Lo que el intelectual nunca puede hacer –además de trabajar en la pura elaboración estética– es despreocuparse de las realidades que le rodean. Deberá pronunciarse, aunque sea en contra. A veces su misión consistirá en servir de reloj despertador para los letárgicos; otras, su labor se encaminará a conseguir que las masas no sean brutales, intolerantes y vulgares. En ocasiones, sus críticas deberán ser, de una manera objetiva totalmente distante de la diatriba que a lo peor hace que la sangre llegue al río, para el equipo político que rige la ciudad, la provincia o la nación. Donde haya una institución que falle, él deberá denunciarla y señalar sus defectos. Y en todos los casos ha de constituirse en faro orientador.
Volviendo a la queja inicial respecto a la situación (económica, social, &c.) en la que se encuentra el intelectual en comparación con otras profesiones, porfiaremos, en arrimar –con más razón que un santo– el ascua a nuestra sardina. Cierta es la importancia, la responsabilidad y la utilidad del quehacer del intelectual. Hora es de que se le corresponda como merece. Hora es, también, de que él haga valer su trabajo. Ni siquiera el pretendido fantasma de la «civilización tecnológica» ha de amilanarle. Al intelectual se le presenta la oportunidad de ser una pieza de capital importancia «práctica» en la estructura de la nueva sociedad que se está fraguando, porque él puede «vender» uno de los «productos» más caros por lo difíciles de hallar: las ideas. Y los «suplementos del alma» para los «espíritus secos».

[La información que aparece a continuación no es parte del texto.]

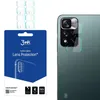 3MK Lens Protection, Redmi Note 11 Pro 5G, 1 kusů Náhled obrázku produktu 1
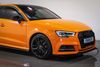 Audi A3 S3 TFSI Quattro 5dr S Tronic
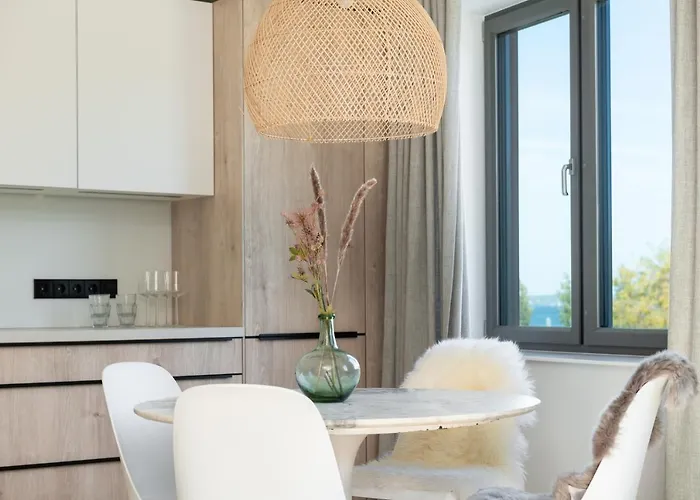 Hilltop - Kiikri City Centre * Tallinn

Quedan tan sólo apuntadas algunas de las variantes que ofrece este frondoso tema. Hemos empezado a contrastar la misión que ha de llevar a cabo el intelectual y el pago –a veces con rayos y truenos– que recibe por ella. Otro día analizaremos el resto de sus particularidades. Digamos, en resumen, que del grado de honradez de los intelectuales de un país depende la salud y el progreso cultural de todos sus habitantes. Que no es poco.